La coalition « Luy Jot Jot Na » a tenu, ce lundi 29 décembre 2025 à Dakar, une conférence de presse au cours de laquelle elle a exigé une réforme du Code de la famille ainsi que la reconnaissance juridique du féminicide au Sénégal.
Dans sa déclaration liminaire, la porte-parole du jour, Aminata Libain Mbengue, a dressé un tableau alarmant de la situation des violences faites aux femmes. « Depuis le début de l’année 2025, plus de 18 femmes ont été tuées au Sénégal dans un cadre conjugal ou familial. Il s’agit de l’expression la plus extrême de la misogynie, rendue possible par des inégalités persistantes et par l’inaction des pouvoirs publics », a-t-elle déclaré, précisant que ces 18 cas ont été largement médiatisés.
La coalition a également rappelé les engagements pris par le président de la République, Bassirou Diomaye Faye, dans son programme politique « Diomaye Président », notamment en matière d’autonomisation des femmes, d’égalité de genre et de lutte contre les violences basées sur le genre.
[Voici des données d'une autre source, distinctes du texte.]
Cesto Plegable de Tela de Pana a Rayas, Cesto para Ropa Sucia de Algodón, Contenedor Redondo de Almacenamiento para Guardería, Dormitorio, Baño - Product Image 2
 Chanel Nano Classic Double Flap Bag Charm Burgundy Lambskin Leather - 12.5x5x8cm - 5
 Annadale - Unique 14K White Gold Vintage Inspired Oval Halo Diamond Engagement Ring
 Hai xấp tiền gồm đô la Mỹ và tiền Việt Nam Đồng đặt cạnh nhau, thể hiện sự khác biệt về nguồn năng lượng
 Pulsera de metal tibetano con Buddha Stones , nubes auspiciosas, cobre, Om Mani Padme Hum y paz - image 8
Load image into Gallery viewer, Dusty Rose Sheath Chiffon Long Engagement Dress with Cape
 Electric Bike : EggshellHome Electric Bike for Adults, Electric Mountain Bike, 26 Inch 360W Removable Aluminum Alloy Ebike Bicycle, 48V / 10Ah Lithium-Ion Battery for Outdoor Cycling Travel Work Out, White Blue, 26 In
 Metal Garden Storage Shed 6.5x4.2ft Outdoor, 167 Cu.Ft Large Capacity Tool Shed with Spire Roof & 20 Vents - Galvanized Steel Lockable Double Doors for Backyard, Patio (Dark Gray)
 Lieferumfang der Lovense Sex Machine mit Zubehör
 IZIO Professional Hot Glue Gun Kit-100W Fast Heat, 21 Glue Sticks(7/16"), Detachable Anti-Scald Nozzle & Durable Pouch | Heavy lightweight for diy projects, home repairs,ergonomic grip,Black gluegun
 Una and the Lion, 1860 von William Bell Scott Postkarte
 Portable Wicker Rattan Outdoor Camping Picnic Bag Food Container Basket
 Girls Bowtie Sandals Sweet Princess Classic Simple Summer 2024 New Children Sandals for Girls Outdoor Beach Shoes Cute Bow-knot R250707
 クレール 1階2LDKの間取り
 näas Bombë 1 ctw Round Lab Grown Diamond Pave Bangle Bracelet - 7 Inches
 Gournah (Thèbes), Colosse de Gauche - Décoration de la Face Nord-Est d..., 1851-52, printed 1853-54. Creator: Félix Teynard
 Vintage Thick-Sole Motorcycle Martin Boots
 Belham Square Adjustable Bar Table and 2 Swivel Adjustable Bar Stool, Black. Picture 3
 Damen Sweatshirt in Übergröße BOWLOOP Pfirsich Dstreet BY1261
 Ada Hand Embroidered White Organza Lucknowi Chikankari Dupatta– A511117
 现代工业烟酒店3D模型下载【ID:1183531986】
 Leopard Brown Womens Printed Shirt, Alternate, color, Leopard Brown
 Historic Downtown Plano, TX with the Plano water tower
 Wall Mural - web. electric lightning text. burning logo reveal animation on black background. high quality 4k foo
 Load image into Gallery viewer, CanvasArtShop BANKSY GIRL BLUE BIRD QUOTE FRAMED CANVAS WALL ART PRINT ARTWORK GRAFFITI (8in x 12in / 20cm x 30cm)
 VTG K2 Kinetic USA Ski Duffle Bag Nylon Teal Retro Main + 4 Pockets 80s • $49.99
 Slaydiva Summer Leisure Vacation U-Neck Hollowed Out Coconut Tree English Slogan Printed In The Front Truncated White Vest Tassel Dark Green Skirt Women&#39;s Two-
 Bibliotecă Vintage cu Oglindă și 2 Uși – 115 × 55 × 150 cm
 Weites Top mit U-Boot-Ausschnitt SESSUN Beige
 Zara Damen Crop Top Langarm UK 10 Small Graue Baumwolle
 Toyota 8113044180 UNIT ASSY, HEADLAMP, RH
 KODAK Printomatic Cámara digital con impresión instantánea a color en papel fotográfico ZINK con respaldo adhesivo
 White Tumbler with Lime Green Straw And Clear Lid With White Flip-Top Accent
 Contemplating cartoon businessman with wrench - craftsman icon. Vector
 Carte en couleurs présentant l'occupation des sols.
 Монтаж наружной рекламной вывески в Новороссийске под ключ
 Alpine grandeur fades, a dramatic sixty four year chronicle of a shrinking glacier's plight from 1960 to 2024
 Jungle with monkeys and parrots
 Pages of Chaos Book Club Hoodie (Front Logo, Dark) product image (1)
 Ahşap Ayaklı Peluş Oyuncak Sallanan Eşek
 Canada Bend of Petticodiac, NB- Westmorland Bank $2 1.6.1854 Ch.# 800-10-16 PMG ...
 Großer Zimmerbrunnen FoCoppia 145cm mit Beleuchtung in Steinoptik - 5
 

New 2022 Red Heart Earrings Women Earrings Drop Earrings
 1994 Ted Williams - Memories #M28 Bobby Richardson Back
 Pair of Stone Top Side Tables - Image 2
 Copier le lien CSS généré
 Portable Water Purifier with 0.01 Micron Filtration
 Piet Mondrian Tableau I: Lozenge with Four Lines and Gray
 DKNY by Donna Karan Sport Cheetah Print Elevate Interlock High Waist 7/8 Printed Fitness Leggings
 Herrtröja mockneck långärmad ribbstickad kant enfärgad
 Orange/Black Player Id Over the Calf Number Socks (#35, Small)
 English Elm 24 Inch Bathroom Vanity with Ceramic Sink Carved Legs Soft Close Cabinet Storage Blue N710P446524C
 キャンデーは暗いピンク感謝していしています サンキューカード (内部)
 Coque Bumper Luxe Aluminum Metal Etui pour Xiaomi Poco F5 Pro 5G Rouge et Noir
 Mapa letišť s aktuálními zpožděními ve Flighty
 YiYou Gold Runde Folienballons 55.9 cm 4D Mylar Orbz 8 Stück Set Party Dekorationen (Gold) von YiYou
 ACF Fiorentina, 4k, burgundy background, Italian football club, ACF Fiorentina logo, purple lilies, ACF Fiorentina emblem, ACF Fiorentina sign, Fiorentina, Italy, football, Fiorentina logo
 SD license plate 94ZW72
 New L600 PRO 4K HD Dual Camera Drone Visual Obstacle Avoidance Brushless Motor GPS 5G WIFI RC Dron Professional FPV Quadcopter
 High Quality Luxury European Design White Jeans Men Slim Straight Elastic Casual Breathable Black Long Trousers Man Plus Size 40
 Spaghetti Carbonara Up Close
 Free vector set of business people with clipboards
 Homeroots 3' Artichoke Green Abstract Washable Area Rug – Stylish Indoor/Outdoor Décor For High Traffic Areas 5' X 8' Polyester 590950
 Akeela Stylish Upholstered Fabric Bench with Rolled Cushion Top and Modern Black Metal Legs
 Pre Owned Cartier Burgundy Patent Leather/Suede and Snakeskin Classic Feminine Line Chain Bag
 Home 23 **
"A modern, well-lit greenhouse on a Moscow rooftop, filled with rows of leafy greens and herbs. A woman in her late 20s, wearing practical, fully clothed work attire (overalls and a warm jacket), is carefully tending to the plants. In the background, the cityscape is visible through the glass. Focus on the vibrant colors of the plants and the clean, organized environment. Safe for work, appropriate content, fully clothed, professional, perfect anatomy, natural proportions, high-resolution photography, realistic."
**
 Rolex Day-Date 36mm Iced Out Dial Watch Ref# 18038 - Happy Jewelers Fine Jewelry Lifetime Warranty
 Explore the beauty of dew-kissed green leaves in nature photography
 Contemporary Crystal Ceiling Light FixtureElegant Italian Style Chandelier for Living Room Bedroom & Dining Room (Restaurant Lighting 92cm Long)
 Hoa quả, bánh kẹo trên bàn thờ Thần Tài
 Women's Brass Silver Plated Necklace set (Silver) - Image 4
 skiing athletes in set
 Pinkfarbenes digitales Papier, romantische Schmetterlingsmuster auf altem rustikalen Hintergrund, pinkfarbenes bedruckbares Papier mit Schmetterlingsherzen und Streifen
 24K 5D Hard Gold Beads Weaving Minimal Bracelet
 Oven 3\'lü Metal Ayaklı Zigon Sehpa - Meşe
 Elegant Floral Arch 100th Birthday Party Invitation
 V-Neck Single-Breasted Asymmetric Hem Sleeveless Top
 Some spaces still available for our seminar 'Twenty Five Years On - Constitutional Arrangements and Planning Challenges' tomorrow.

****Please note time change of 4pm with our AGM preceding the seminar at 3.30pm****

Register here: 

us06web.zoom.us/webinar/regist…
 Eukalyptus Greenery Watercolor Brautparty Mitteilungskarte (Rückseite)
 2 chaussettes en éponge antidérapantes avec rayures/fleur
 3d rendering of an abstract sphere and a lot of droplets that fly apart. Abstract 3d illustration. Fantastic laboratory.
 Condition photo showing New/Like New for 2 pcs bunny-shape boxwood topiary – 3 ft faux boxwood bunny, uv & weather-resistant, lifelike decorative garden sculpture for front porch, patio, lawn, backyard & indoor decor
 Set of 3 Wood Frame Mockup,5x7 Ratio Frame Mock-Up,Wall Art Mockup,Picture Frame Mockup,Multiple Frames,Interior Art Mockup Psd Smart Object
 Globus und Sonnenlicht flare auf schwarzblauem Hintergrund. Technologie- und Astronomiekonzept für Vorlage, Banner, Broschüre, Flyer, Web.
Des promesses qui, selon la coalition, restent à ce jour « au point mort ».
S’adressant directement au chef de l’État, Aminata Libain Mbengue a insisté sur la nécessité de mesures concrètes. « Nous interpellons le président de la République sur ce que nous demandons précisément à l’État : des réformes législatives, des mesures de protection efficaces, des budgets conséquents, des mécanismes de suivi et surtout une réelle volonté politique, en particulier autour de la réforme du Code de la famille et de la reconnaissance juridique du féminicide », a-t-elle soutenu.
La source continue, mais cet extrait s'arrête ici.